The Holy Wild is a timely literary achievement worthy of a laurel wreath. It is a poetically written book that explores the power of the wild feminine and her stories of loss, love, and transformation. The themes of the book transcend genre boundaries of any one feminine or goddess perspective. Readers are addressed primarily as priestesses but also referred to as witches, prophetesses, wisdom keepers, sages, and hunters. Dulsky speaks to the threefold goddess, maiden, mother and crone, in each women while referencing lessons of the elements and associated wild feminine archetypes in the 5 Books of Earth, Water, Fire, Air and Ether.

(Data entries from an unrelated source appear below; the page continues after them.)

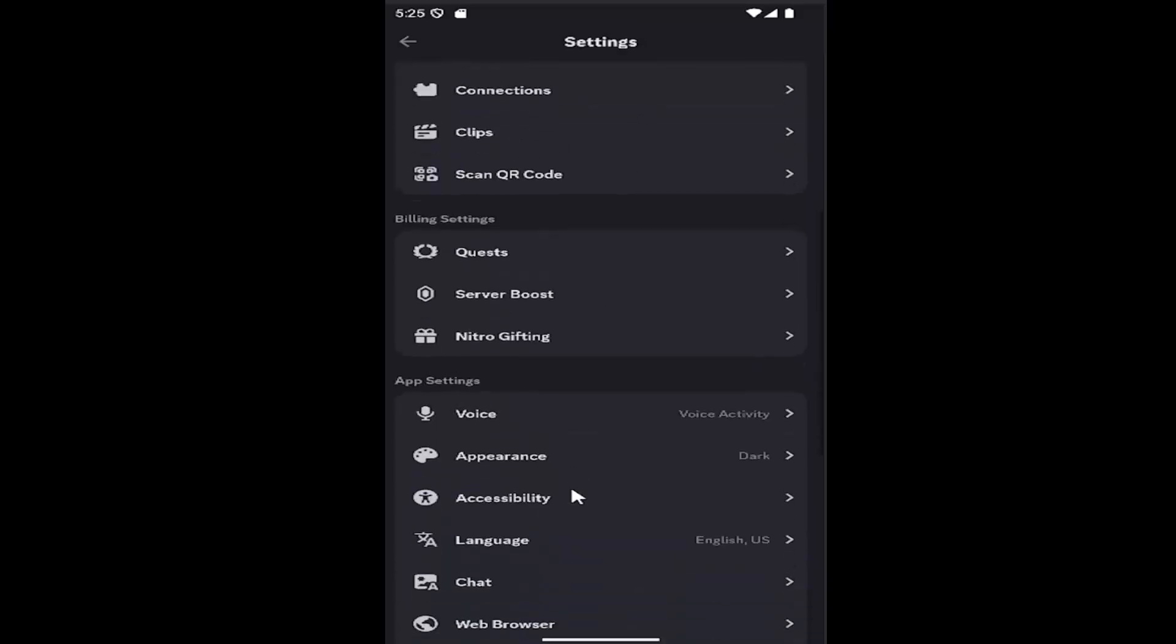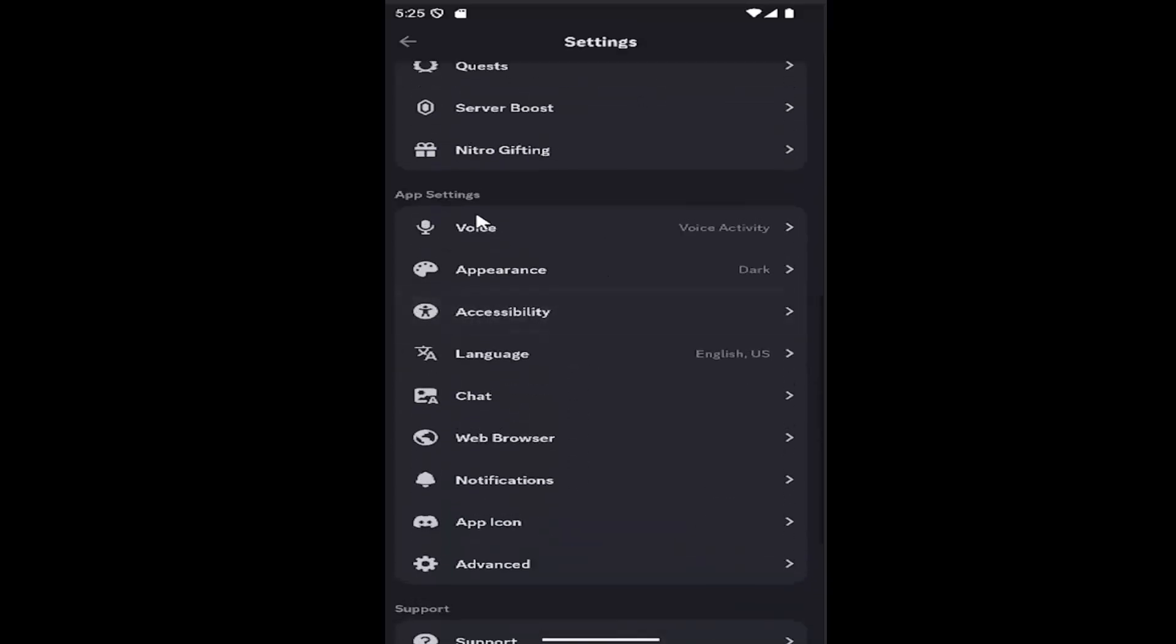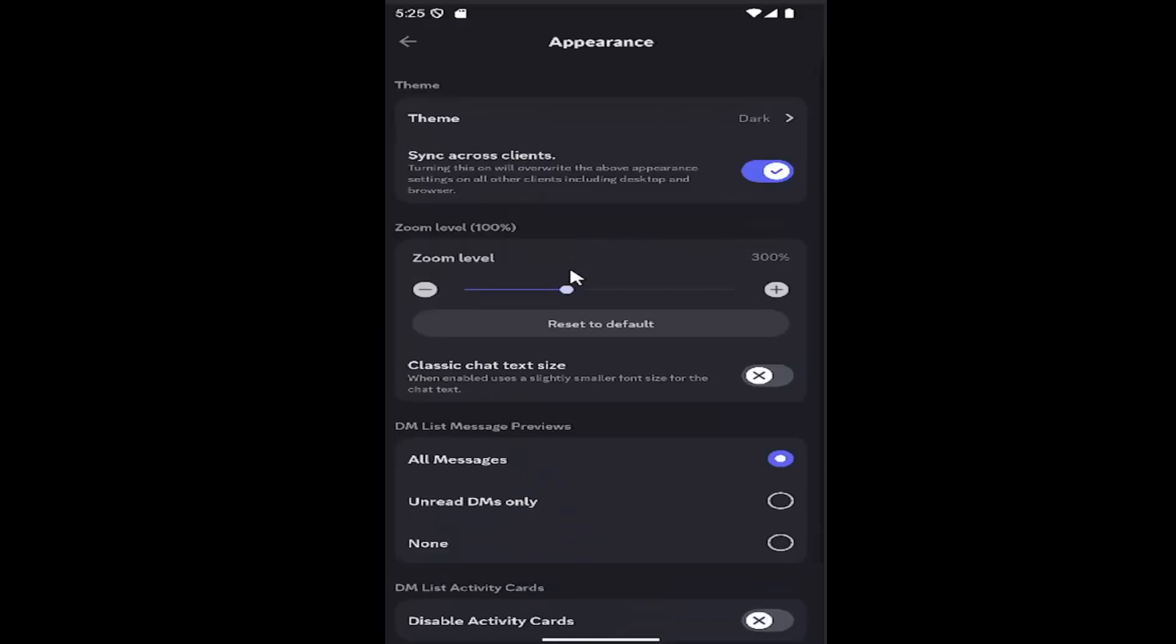Scroll down underneath app settings and select where it says appearance. Then there should be an item that says zoom level. You can drag it to be more zoomed in or zoomed out depending on your preference.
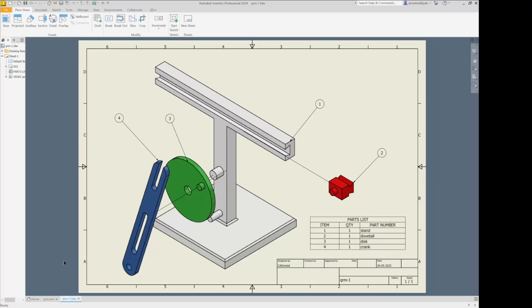Hello. I want to show you how to create an exploded view with a parts list from an assembly file in Autodesk Inventor. I will use the quick return assembly I had modeled in a previous video. Here is a link to that.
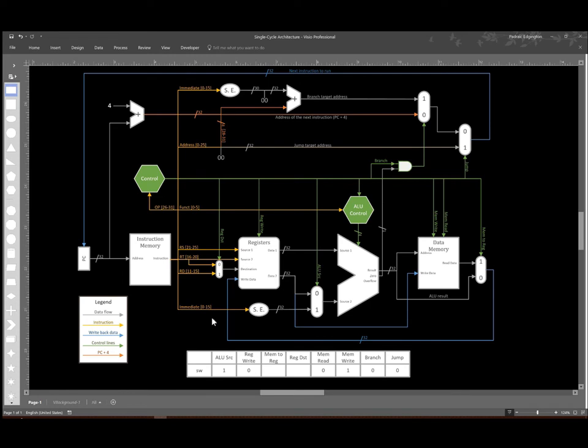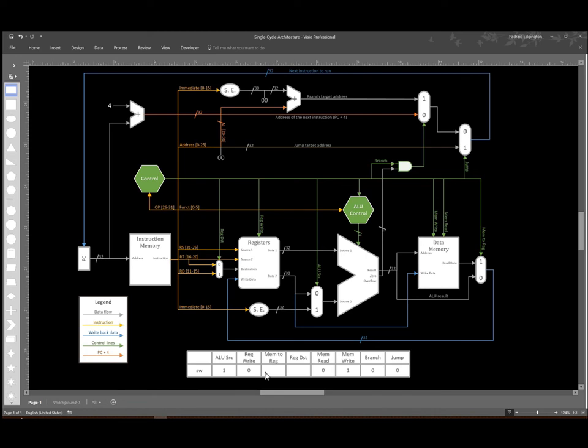But I'm not interested in storing anything into a register. In fact I've set my regwrite signal to zero. So it's not actually going to matter what I send to the registers or where I say I might be interested in storing it to. I'm simply not going to write anything back to the registers. So I'm going to just put in X's for those two. It actually does not matter what those control lines are set to. We can set them to whatever is easiest for us.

The reader is invited to journey down the Red Road of healing, wholeness, and integration through verses, rituals, magick, and the revisioning of ancient stories surrounding shamed women archetypes in Western religion. They include Lilith, Salome, Mother of Babylon, Mary Magdalene, and Jezebel. Each elemental Book provides rituals, and practices to the priestess for releasing social conditioning and for becoming “the authentic embodiment of the woman she needed when she was younger.”
They involve writing, circles, incantations, divinations, prayers, dances, songs, and spell crafts for grounding, healing, protection, releasing, manifesting, vibration raising, intention setting, and energy infusing. All of these activities help the practitioner heal herself and her relationships, and ultimately enable her to become “a change agent” and “holy weaver” in the outer world. I followed the Red Road through each of the Books of Elements discovering through the rituals and exercises my own personal gifts of insight.
Book of Earth
The earth element is about rightful rebellion and tasting the forbidden. The Wild Feminine Archetype is The Priestess of the Wild Earth. This book offers the priestess validation for understanding how she outgrows a too small life. And how a woman like myself may seek liberation from a comfortable yet confined situation, which often involves a descent of release comparable to Inanna’s journey into the Underworld.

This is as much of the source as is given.